Estate planning is essential to maximize the gifts you leave behind to your beneficiaries. However, if you are not an American citizen or resident, you must be aware of the differences in the law when if comes to planning your estate. The differences can be unfavorable. Also, marital deductions are not permitted for the estate of a citizen or US resident where the beneficiary is a non-resident spouse. Fortunately, establishing a Qualified Domestic Trust, QDOT, can be a viable option to increase tax deductions.

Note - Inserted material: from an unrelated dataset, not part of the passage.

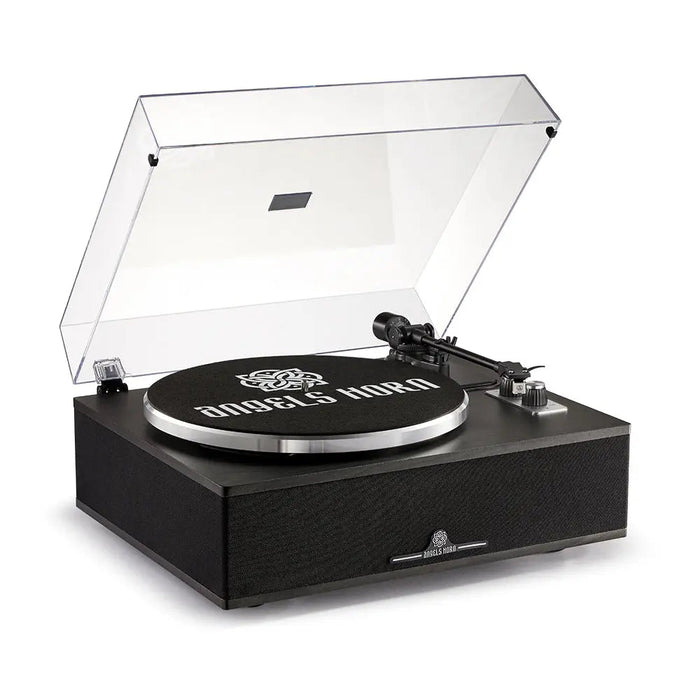 Angels Horn H019 Hi-Fi Bluetooth Turntable with Built-in Speakers (Black) AT3600L Catridge, Best Value Buy Beginner Turntable Vinyl Record Player with built-in speakers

When a QDOT is established, the estate is treated as the surviving spouse's and is therefore taken through lower tax brackets. In order to qualify, a trust must name at least one US citizen or domestic corporation as a trustee. Additionally, the trust must be structured so that there are proper provisions for the collection of taxes through the US Treasury. If the estate that will be passing into the QDOT exceeds $ 2 million, one of the trustees must be a domestic corporation or a bond must be taken out for 65% of the fair market value of the estate-to insure payment of taxes. If the estate is under the $ 2 million mark, then the law says that no more than 35% of the estate can be held in the form of real property located outside the US
The regulations are particularly flexible regarding the ability for someone other than the decedent to establish a QDOT, like the surviving spouse, a representative of a surviving spouse, or the executor for the estate. Still, it is best to handle this type of matter as early as possible.
There are some drawbacks to establishing a QDOT that must be weighed as well. Because the designated trustee will act as the withholding agent he or she may be personally liable for the taxes if they are not withheld or are withheld incorrectly. Additionally, if the estate is entrusted to a corporate trustee, there may be some administrative burdens. For example, if the estate has no liquid assets (those that cannot be easily taken out as cash, like real estate), then there may not be enough cash flow to pay trustee fees (fees must be paid to trustees to manage the estate) or to pay the bond fees if one was taken out. In this case, assets may need to be sold to cover costs, which may be difficult or unwanted. Because of the many pros and cons associated with QDOT, it is best to have an experienced professional evaluate your estate and determine if a QDOT is the most economical way to setup your estate.
Whether you choose to use a QDOT or plan your estate in some other manner, it is integral that you look at your options with an attorney who not only specializes in estate planning but is also knowledgeable about the nuances of working with non-residents in order to maximize the value of the estate you leave behind to your loved ones.